The Story of the Cairo Papers
There is no better person than Iman Hamdy to tell the story of Cairo Papers in Social Science, the American University in Cairo’s long-running English-language journal monograph, which went online-only in 2016 and is published by the American University in Cairo Press. As the publication’s editor since 2001, she vividly recalls how the founders’ initial idea for a monograph series steadily evolved into a journal—today amounting to an astonishing 35 volumes, covering a fascinating and varied range of disciplines.
“As far as I can tell, Cairo Papers is a unique publication in the region,” says Hamdy. “A key feature of Cairo Papers, which was also envisioned by its founders and continues until today, is it that it is an interdisciplinary academic publication of the various social science fields.”
This multi-disciplinary feature is very much reflected in the diversity of the research published by the quarterly—spanning the fields of political science, economics, sociology, and anthropology, as well as history, mass communication, and psychology, all of it pertaining to the Middle East.

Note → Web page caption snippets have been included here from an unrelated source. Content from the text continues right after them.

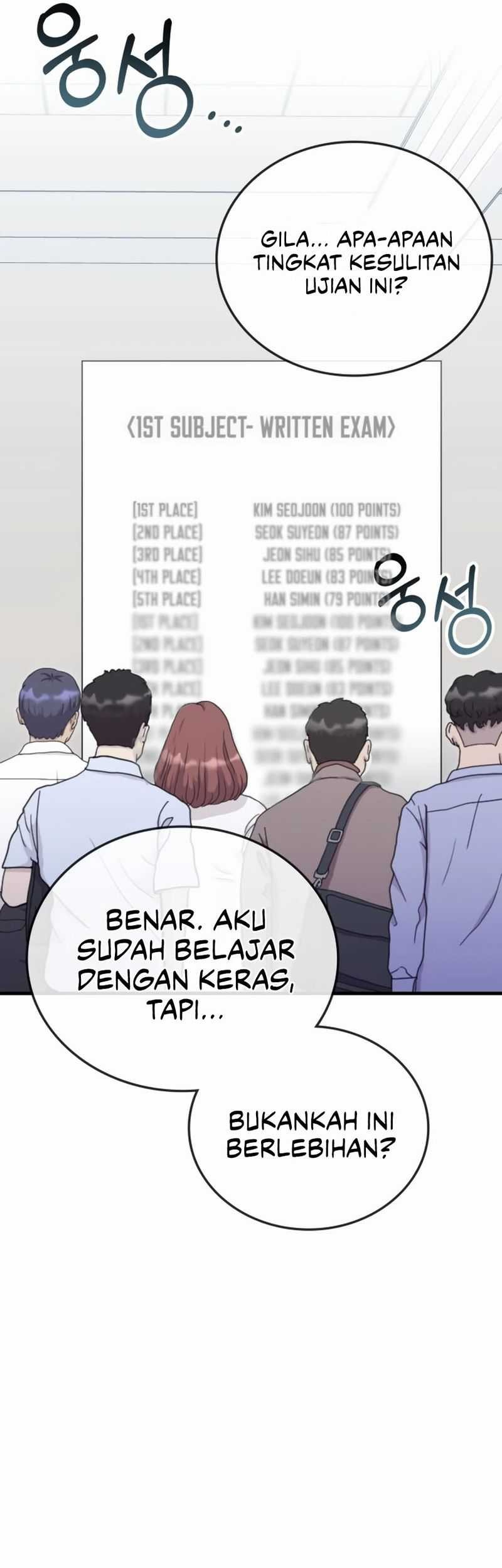 Transcension Academy Chapter 81 Gambar 6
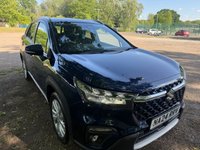 USED 2024 24 SUZUKI S-CROSS 1.5h Motion SUV 5dr Petrol Hybrid AGS Auto Euro 6 (s/s) (115 ps) LOW MILEAGE, ULEZ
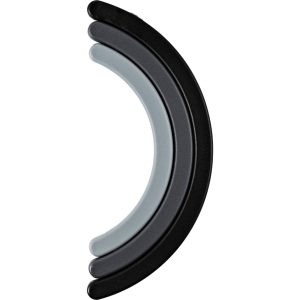 Normann Copenhagen Rainbow Trivet Grå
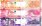 Philippines 20-100 Piso 3 Pieces Banknote Set, 2010-2020, P-206-225, UNC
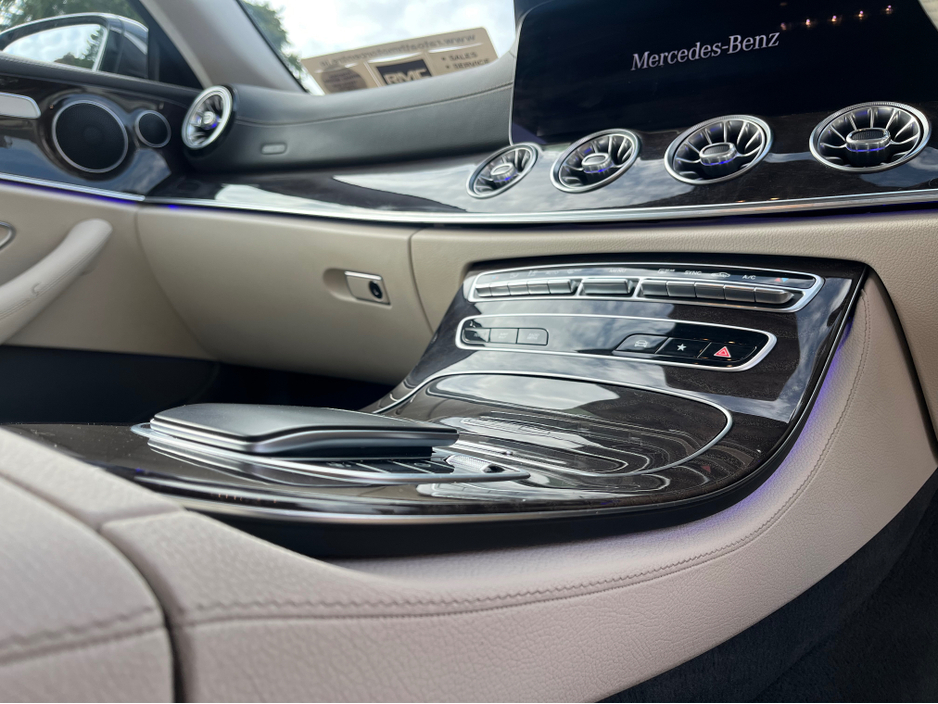 2021 Mercedes-Benz E Class - image 26
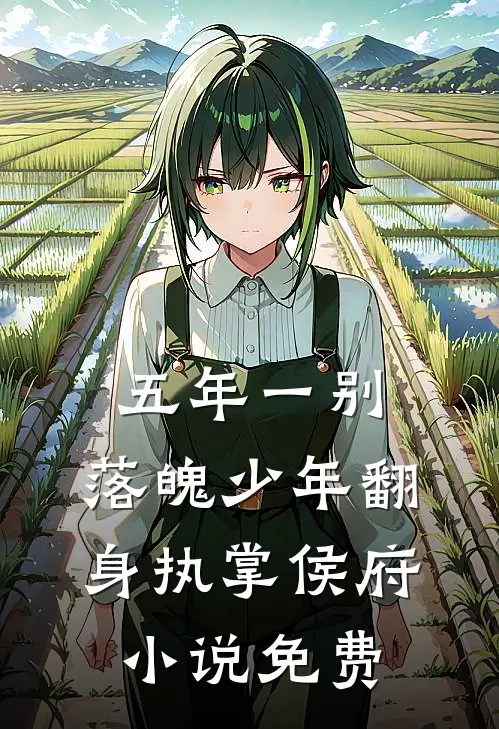 五年一别，落魄少年翻身执掌侯府小说免费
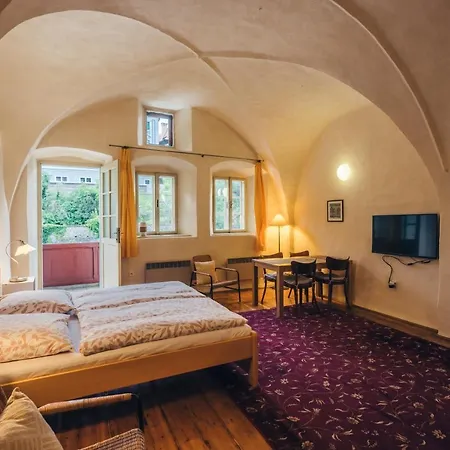 Downtown Apartments Cesky Krumlov Exterior photo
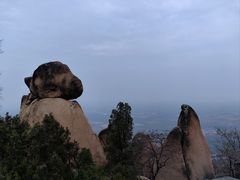 -嵖岈山风景区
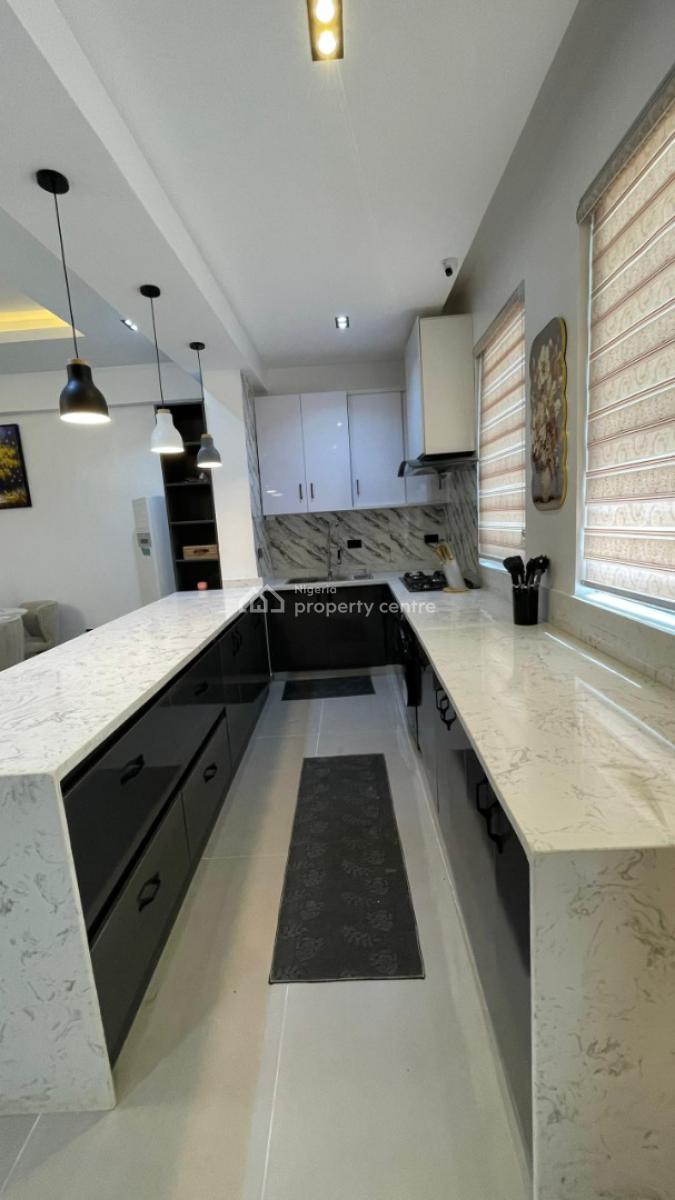 3 Bedroom Apartment + Bq in Ikoyi, Old Ikoyi, Ikoyi, Lagos, Flat / Apartment for Rent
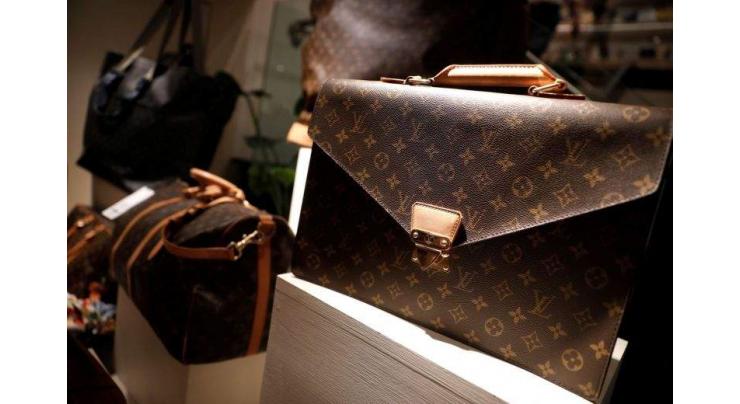 Louis Vuitton the most-counterfeited foreign brand in S. Korea: report
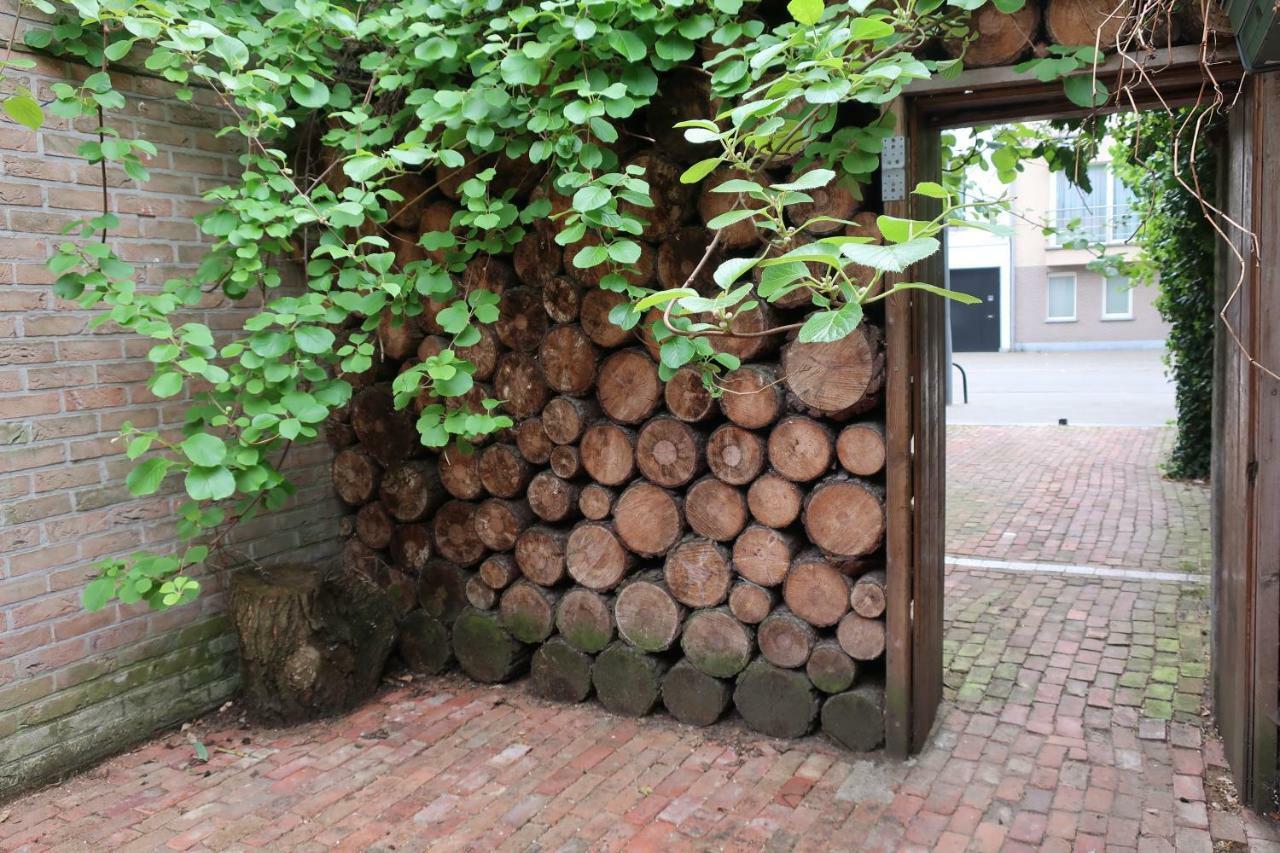 De Buitenmuur Guest House Turnhout Ngoại thất bức ảnh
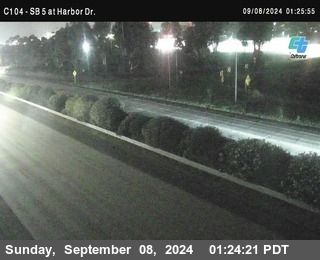 SB 5 at Harbor Dr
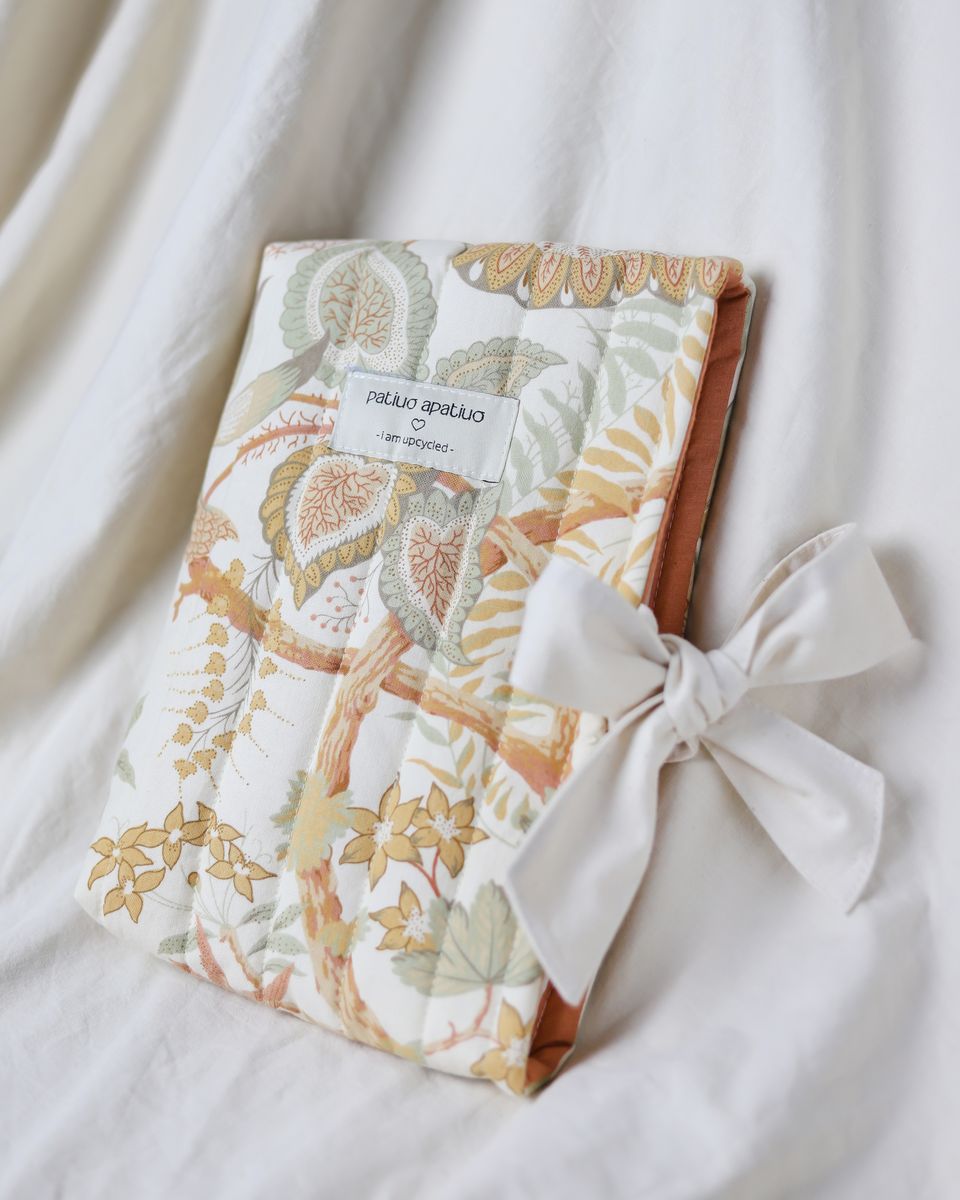 Knygos Dėkliukas Flora XVIII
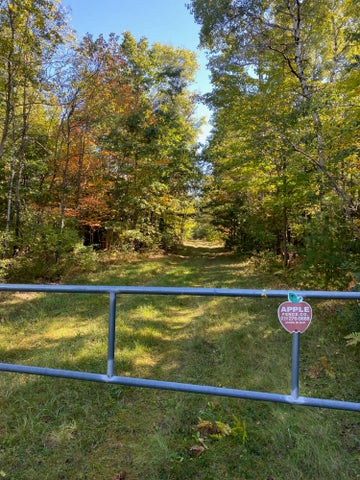 56 Acres of Woodlands & Waterfront Serenity in Atlanta MI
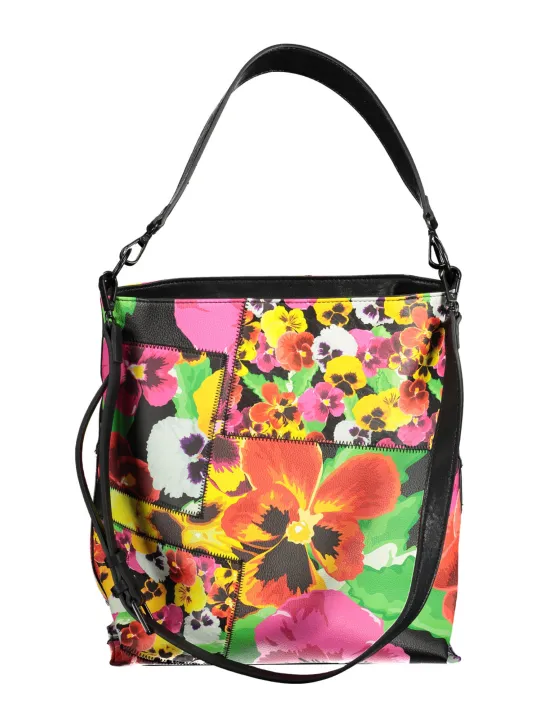 "Desigual Einzelstücke & Seltenheiten im Sale | Desigual Tasche mit Schultergurt und Innentasche - Einzelstücke & Seltenheiten online kaufen"|Planet-Deluxe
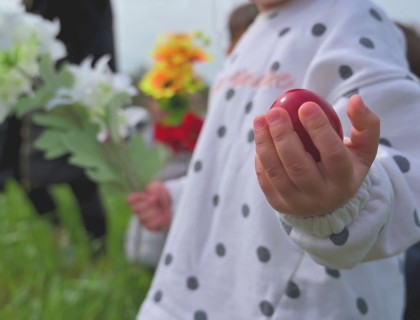 Οι ευχές μας για το Πάσχα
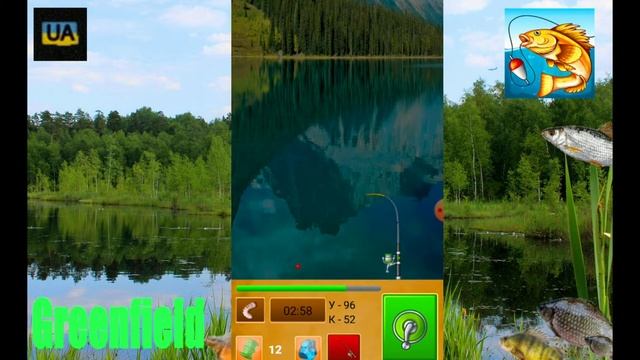 Рыбалка для Друзей #13 смотреть онлайн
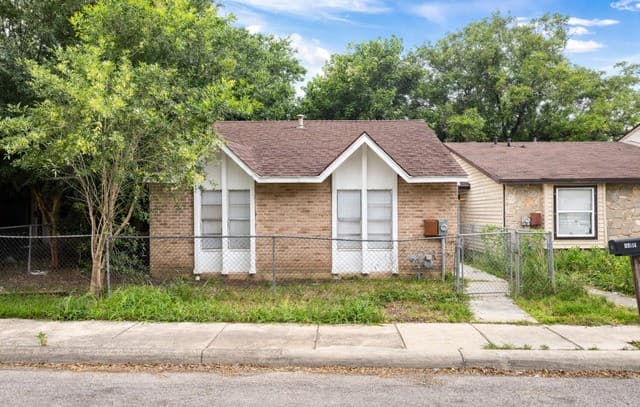 rental at 6814 Oldham in San Antonio TX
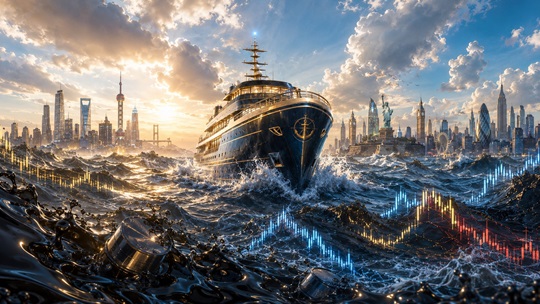 Maggio volatile ma positivo per le Borse: petrolio, valute e bond guidano i mercati, mentre i portafogli restano invariati per ridurre il rischio.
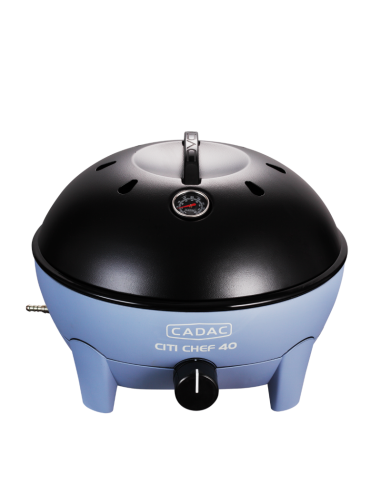 Hornillo barbacoa Citi Chef 40 Negro. Cadac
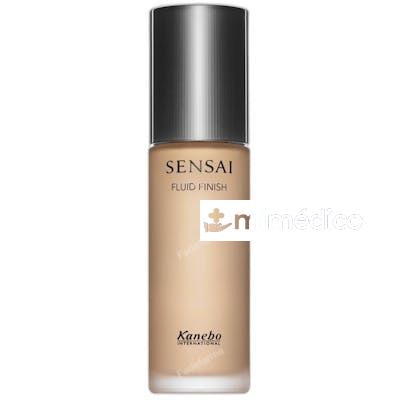 FLUID FINISH 203 NA SENSAI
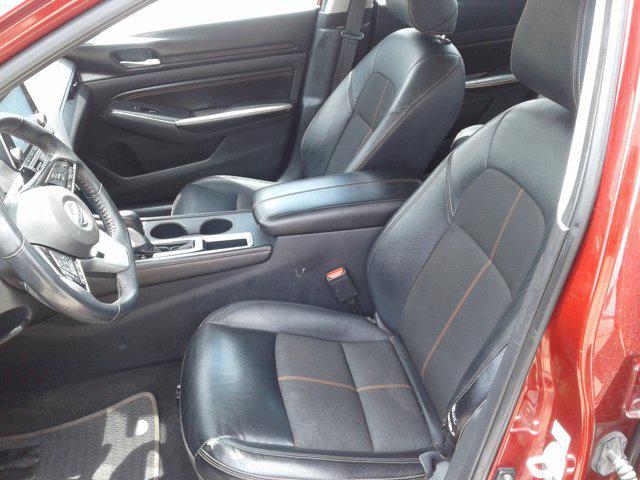 used 2021 Nissan Altima car, priced at $19,983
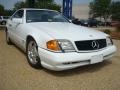 Arctic White - SL 500 Roadster Photo No. 8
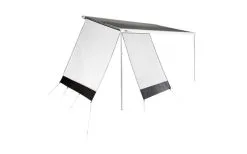 Thule Sun Blocker G2 Parete Anteriore 1,00 X 1,70 M -Vendite Tende da campeggio 45542 85357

It all started back in 1977, when Dr. Tim Sullivan, the then chair of the economics, political science, and mass communication department at AUC came up with the idea for the journal and its name. The first issue of Cairo Papers in Social Science (CPSS) was entitled Women, Health and Development, and it was published by AUC Press. Soon after that, AUC professors Ali E. Hillal Dessouki (economics, political science, and mass communication department), Mark Kennedy (sociology, anthropology, and psychology department), and Asaad Nadim (Social Research Center) turned CPSS into a scholarly journal and served on its first editorial board.
“The aim was to produce a monograph series dedicated not only to demonstrating the relevance of Middle Eastern social science vis-à-vis Western theoretical orientations, but also to share with dedicated Western scholars the fruits of indigenous research into issues and problems of differential development in the Middle East,” explains Hamdy, referring to the periodical’s original mission statement.
She believes that today, “a good number of Western social scientists who specialize in the region, and in the Arab world in particular, acknowledge its value and refer to it in their research.”
This could well have much to do with Hamdy and her passion for the publication. “The reason why I have spent so many years at Cairo Papers is that I simply love my job,” explains Hamdy, who obtained her PhD in political science from Cairo University in 1996 and later taught part-time in the political science department at AUC, before becoming editor of the CPSS. “I value the task of disseminating knowledge even if I am not the producer.”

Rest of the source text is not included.